2009年文部科学省が発表した調査では中卒と大卒の生涯賃金は8,000万円とのこと。これ数値はさらに拡大するばかりである。経済格差は先進国においてかなり深刻な問題で、社会的コスト、つまり医療、特別教育施設、犯罪率、生活保護などを増加する原因にもなる。アメリカのオバマ政権は格差を是正するために、10年に75億ドルを高品質の幼児教育に投資すると2013年教科書に発表し、先月実行した。
アメリカは決して幼児教育が先進的な国ではない。むしろOECDの加盟国中で下位である。
オバマの決断
オバマ政権が幼児教育への投資決断となる根拠は一つはPerry School / High Scopeの経年調査である。60年代からのプロジェクトで、高品質の幼児教育とそうではない施設の子供の一生を追う調査である。
以前の記事にも取り上げた。主に
- 中退率が低い
- 進学率が高い
- 犯罪率が低い
- 安定的な収入
- IQ及び学力が高い
という結果が認められた。そして、最大の利益は1ドルの投資に対して将来7ドルのリターンが得られるということ。この試算はノーベル経済賞学者James Heckman(シカゴ大学)も認めて、そして彼も高品質の幼児教育を推奨する一人でもある。(OECDも高品質の幼児教育を推奨している。)

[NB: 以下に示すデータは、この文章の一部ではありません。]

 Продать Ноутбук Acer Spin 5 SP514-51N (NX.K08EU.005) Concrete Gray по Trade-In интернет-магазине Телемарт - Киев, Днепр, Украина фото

*Perry School / High Scope以外に、The Chicago Child-Parent Centers Program、The Carolina Abecedarian Preschool programも同様な結果が得られた。
子供が9ヶ月の時既に格差が存在している
図1.収入による子供の学力格差
Dr. James Heckmanの研究による学力格差(Achievement Gap、和訳:学力差)は既に子供が9ヶ月の時既に存在しているという。この格差が解消しない限り、子供の将来も低所得者になる可能性が大きい。そして学校中退、犯罪などが起きる可能性があると示唆している。

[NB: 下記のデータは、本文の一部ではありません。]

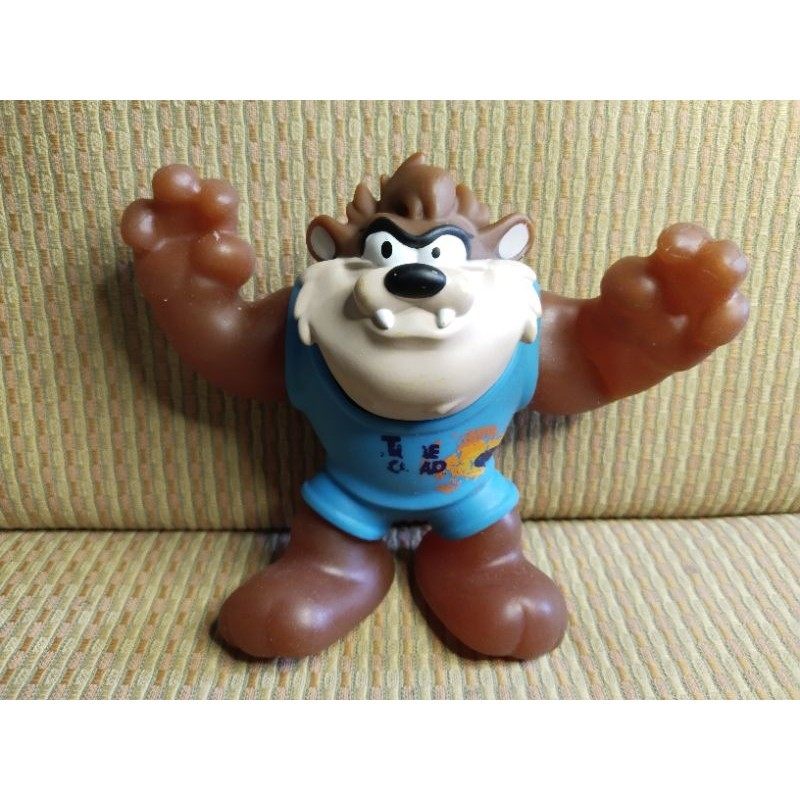 Heroes Of Goo Jit Zu Space Jam Tasmanian Devil Stretch Shopee Philippines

なぜ9ヶ月で学力格差を生ずるだろう。ここでいう格差は子供の認知能力、社会性=学校への準備度合いということ。
図2.収入による子供の社会性格差
大きな要因として、母親と父親の学歴、移民者かどうか(お家で英語を使っていない)、また貧困により充分な医療を受けられないことがあげられる。Children at Risk = 取り巻く環境が育児に良くない、はオバマ政権だけではなく、イギリスをはじめとする先進国はこれを解消しようとして、様々な財政的な支援を乗り出している。
中間所得層は最も学力格差が解消できる
NIEER(国立幼児教育政策研究所)の研究によると、低所得層と高所得層の学力差が拡大するばかりだが、中間所得層と高所得層との学力差は存在しているものの、広げることなく停滞している。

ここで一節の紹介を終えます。